La novela narra las vivencias de Ruy Díaz de Vivar desde el momento de su destierro de tierras castellanas (principios de 1081) hasta su victoria ante las tropas del conde de Barcelona y de al-Mundir, rey de la taifa de Lérida, en la batalla de Almenar (1082). Tras dejar en su Vivar natal a Jimena y sus tres hijos (dos hembras y un varón), Rodrigo hubo de buscarse la vida --y la de su fiel hueste-- en tierras fronterizas. Se convirtió, pues, en un mercenario que servía a quien le pagara por guerrear por su causa. Leal siempre a su rey, Alfonso VI, contra quien prometió no combatir jamás a pesar de todo lo ocurrido con anterioridad, y rechazado por el conde de Barcelona, hubo de servir a Yusuf al-Mutamán, rey de la taifa de Zaragoza.
En unos territorios tan inestables a fines del siglo XI --el reino castellano dividido en tres partes, cuyos tres reyes se enfrentaban entre sí en luchas fratricidas tratando de volver a unificar el antiguo reino; los demás reinos cristianos intentando avanzar hacia el sur a costa de los musulmanes y del resto de cristianos; y los reinos de taifas luchando por no haber de replegarse aún más o por volver incluso a recuperar parte del terreno perdido--, y por muchos motivos diferentes, existió un gran número de mercenarios que supieron ganarse, con mejor o peor fortuna, unas cuantas monedas. Y el protagonista de esta novela fue uno de ellos. Probablemente, el mejor. Eso sí, pagando un gran coste: no poder vivir junto a su familia y no saber nunca lo que le depararía el día de mañana.
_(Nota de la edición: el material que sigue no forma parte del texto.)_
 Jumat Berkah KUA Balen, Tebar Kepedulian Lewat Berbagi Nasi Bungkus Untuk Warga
Para lograr sus objetivos, tanto militares como personales, nuestro protagonista debió conocer a la perfección las armas y las estrategias militares, el trato que debía dar a sus hombres y la mentalidad de cada uno de los reyes y guerreros de la época, tanto cristianos como musulmanes. No en vano, sus aliados de hoy podían convertirse en sus enemigos mañana. O al revés. En ese sentido, Sidi nos presenta a un hombre instruido no solo en el cristianismo sino también en el islam. Así, conoce sus oraciones, sus preceptos, sus obligaciones. Algo que completa con un más que suficiente conocimiento de la lengua árabe. En definitiva, el Ruy Díaz de Pérez-Reverte es un hombre no solo formado sino también informado. Preparado, en suma.
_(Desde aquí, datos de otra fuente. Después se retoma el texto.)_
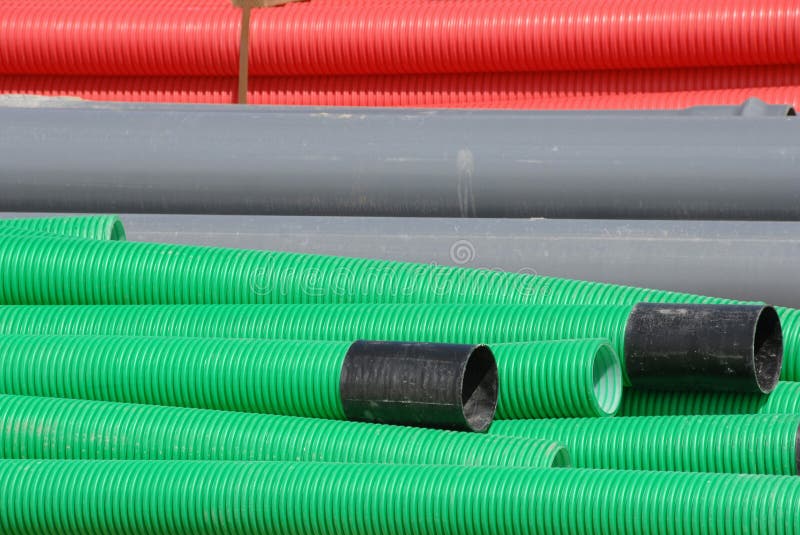 site flexible de pipes de construction colorée photos stock site flexible de pipes de construction colorée photos stock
Y el autor de esta historia, Arturo, don Arturo, se nos muestra en esta novela como nos tiene acostumbrados: como un escritor muy bien documentado, como un gran conocedor de los hábitos y costumbres de las épocas sobre las que escribe, como un gran intelectual en el ámbito lingüístico --¡qué manera de describir los ambientes y los uniformes de los guerreros, y qué forma de narrar las batallas (a los lectores nos parece estar ahí, en el campo de batalla, recibiendo las salpicaduras de sangre de los combatientes)!-- y como un mago de los esquemas temáticos y temporales, sabiendo cómo darnos la información y en qué momento y lugar. No cabe duda alguna de que con él uno aprende sobre historia, lenguaje y literatura. Y Sidi. Un relato de frontera es otro gran ejemplo de todo ello.